Here is the original Chinese:

渐卦,第五十三
上九,鸿渐于陆,其羽可用为仪,吉。

Hexagram 53 reads:
“The wild swan gradually comes to the land. The feathers can be used for ceremonial (dress). Auspicious.




Lu Yu lived in southern China, near tea-producing areas. So he was able to have an intimate knowledge and understanding of Tea.

Lu Yu became a scholar in life, and traveled around China to many places. So he was quite well-educated and knowledgeable about the affairs in Tang China. Besides tea books, he wrote many other non-tea related books. But he is most famous for The Classic of Tea.



A Brief Timeline of Events in Lu Yu’s Life:

733 CE Lu Yu was born on an autumn day in present-day Tian Men County, Hubei province.

738 CE Lu Yu started to study Chinese characters at the age of 6. He is reputed to practice writing by tracing with a stick while riding on the back of an ox.

740 CE Lu Yu is given the task of preparing tea for his master; at the age of 8.

749 CE At 17, he learned to pick tea.

765 CE Lu Yu produces the first draft of the Classic of Tea.

775 CE Lu Yu revises the Classic of Tea on 3 scrolls.

780 CE The Classic of Tea is carved onto printing blocks. From this point on, the Classic of Tea can be mass-printed.

804 CE On a winter day, Lu Yu takes sick and dies at the age of 72.


Notes: It is Chinese custom to count the year you are born as year one. So to Chinese, a newborn is already 1 year old.

9 comments:

Richard said...

I have always felt gratitude to Lu Yu for sharing his appreciation of tea. I often climb into bed at night ... close my eyes and ask his spirit to enter my dream pavillion and share a cup of oolong picked from an ancient bush.

Thank you Warren for crafting this place where one can taste the quiet.

亜流 (Aru) said...

Warren,

I enjoyed your translated excerpt from the Cha Jing and the information about Lu Yu. It left me with a thirst for more. Has a complete English translation of the Cha Jing ever been published? I've performed some searches online, but have only managed to grasp thin air thus far. Can anyone enlighten me?

Thanks,

亜流

亜流 (Aru) said...

Warren,

I enjoyed your translated excerpt of the Cha Jing and the information about Lu Yu. It left me with a thirst for more. Has a complete English translation of the Cha Jing ever been published? I've been searching online, but have only managed to grasp thin air thus far. Can anyone enlighten me?

Thanks,

亜流

Warren said...

Yes, there has been one translation of Lu Yu's Classic of Tea into English - by Francis Ross Carpenter. But it is a dated translation. With Chinese words transliterated in the Wade-Giles system, which makes it difficult to understand. It's just a simple translation. And it loses most of the real meaning behind the original Chinese text. But, it's the only English translation so far, so I guess it's better than nothing.

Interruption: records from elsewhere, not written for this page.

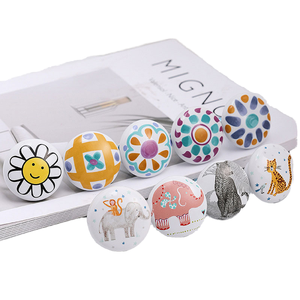 Pomo decorativo de latón macizo para gabinete con diseño impreso, elegante pomo vintage para muebles, para cajones, armarios y decoración de alacenas. - Product Image 1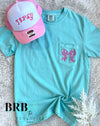 Embroidered Bow Pocket Turq Tee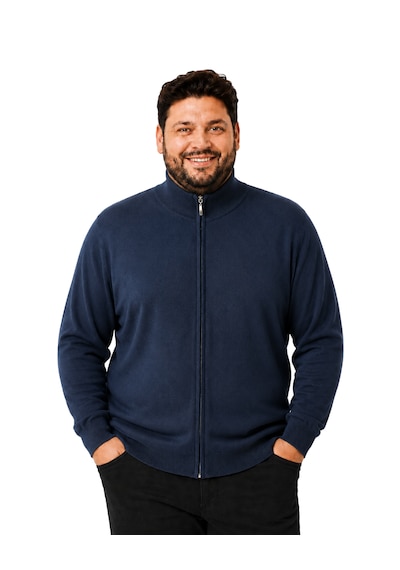 Battalmoda Erkek Büyük Beden Koyu İndigo Fermuarlı Dik Yaka Pamuklu Hırka 3xl-4xl-5xl-6xl Koyu Indigo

There is also an excellent summary and explanation of the Classic of Tea in Sen Shoshitsu's book "The Japanese Way of Tea".

Warren said...

Here is a Chinese version on my web page, encoded in Chinese Traditional Big-5:

http://geocities.com/niisonge/chajing.html

亜流 (Aru) said...

Thanks for the information. Tis a pity there isn't a better translation though. You would think that with the growing interest in tea culture here in the west, that a good translation of the Cha Jing would exist. I suppose I can only wait and hope (or start learning Chinese).

Warren said...

Actually, that can be done. In fact, I was planning on writing a better translation of the Cha Jing - along with an explanation - which would help to better understand Tang Dynasty tea customs.

亜流 (Aru) said...

For some strange reason, I had a feeling that you might have a translation in the works. That would be a commendable effort to say the least! I shall eagerly await the fruition of such a noble project. Good luck and godspeed!

bebemochi said...

Mariage Freres does a french translation, maybe we should lobby for an english version too :)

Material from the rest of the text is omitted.